Was fordern Sie noch?

Das Fach Wirtschaft sollte in den Schulen eine viel größere Rolle spielen. Das Berufsbild Unternehmer gibt es dort nicht, obwohl tausende Betriebe bald Nachfolger brauchen. Gleichzeitig müssen wir das duale System viel mehr propagieren. Es gibt viele Architekten, aber kaum Bauingenieure – geschweige denn Handwerker. Dabei sind diese Berufe zukunftsträchtig und oft verdient man gut. Gleichzeitig muss man auch über den Teich schauen: In den USA bekommt man leichter Ausbildungskredite. Das würde auch bei uns die Chancengleichheit erhöhen, weil dann jeder einen einträglichen Beruf lernen kann.

Der Fachkräftemangel ist für viele Firmen ein Problem. Was hilft dagegen?

Wir müssen so schnell wie möglich die Rente mit 63 abschaffen. Die Menschen werden statistisch jedes Jahr einen Monat älter. Wenn jeder ein Jahr länger arbeitet, ist das ein Riesenhebel. Es muss steuerliche Anreize geben, dass es sich lohnt, weiterzuarbeiten. Der Mensch zahlt dann weiter in die Sozialkassen ein, unterm Strich gewinnt die Volkswirtschaft dabei. Man muss aber sehen, dass man Menschen mit körperlich anstrengenden Jobs, die nicht länger können, nicht mit Rentenabschlägen bestraft.

Könnte Einwanderung den Engpass beseitigen?

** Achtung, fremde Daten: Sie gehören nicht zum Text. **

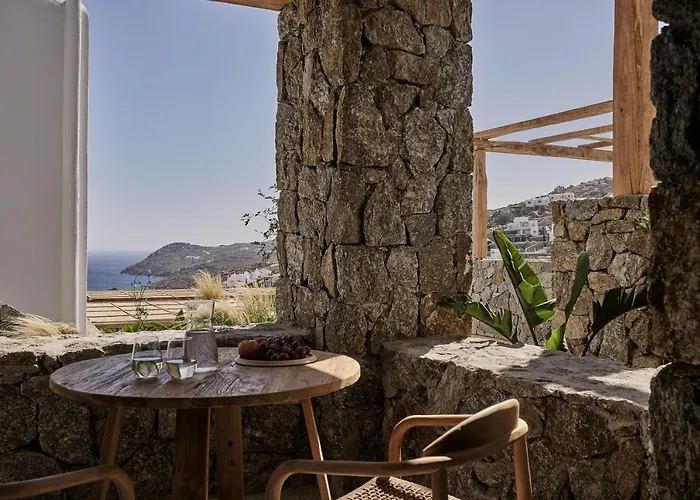 Archipelagos 5* Ελιά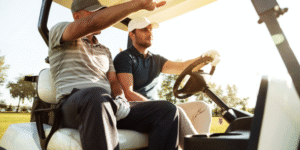 How to Make Your Golf Cart Faster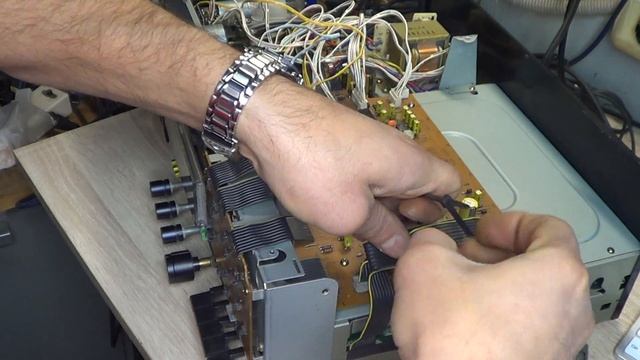 Akai GX 95MK2 смотреть онлайн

Das sehe ich kritisch. Wir können nicht jedes Jahr viele Millionen Euro in Entwicklungshilfe investieren und den Ländern dann die Eliten abwerben, das ist unmoralisch. Außerdem dürfte das mit hohen Steuern und ohne Wohnraum schwer funktionieren. Wir müssen mit Künstlicher Intelligenz und anderen Technologien versuchen, mit weniger Arbeitskräften auszukommen. Wir sind eines der am dichtesten bevölkerten Länder Europas. Wenn die Bevölkerung sich etwas reduziert, würde das nicht schaden. Im Übrigen wäre es wichtiger, Deutschland so attraktiv zu machen, dass die hier ausgebildeten Wissenschaftler und Fachkräfte in Deutschland bleiben und nicht in andere Länder mit dem hier erworbenen Know-how zur Unternehmensgründung abwandern, weil unsere Bürokratie und unsere Steuern sie abschrecken. Wenn schon die eigenen Leute abwandern, wie soll man aus dem Ausland Spitzenleute anwerben?

Ein anderes Thema: Die Energiepreise sind deutlich gefallen seit diesem Winter. Atmen die Familienunternehmen auf?

Das ist natürlich hilfreich, aber die Preise sind nur etwas gesunken, mit Betonung auf etwas. Im internationalen Vergleich sind die Preise immer noch extrem hoch.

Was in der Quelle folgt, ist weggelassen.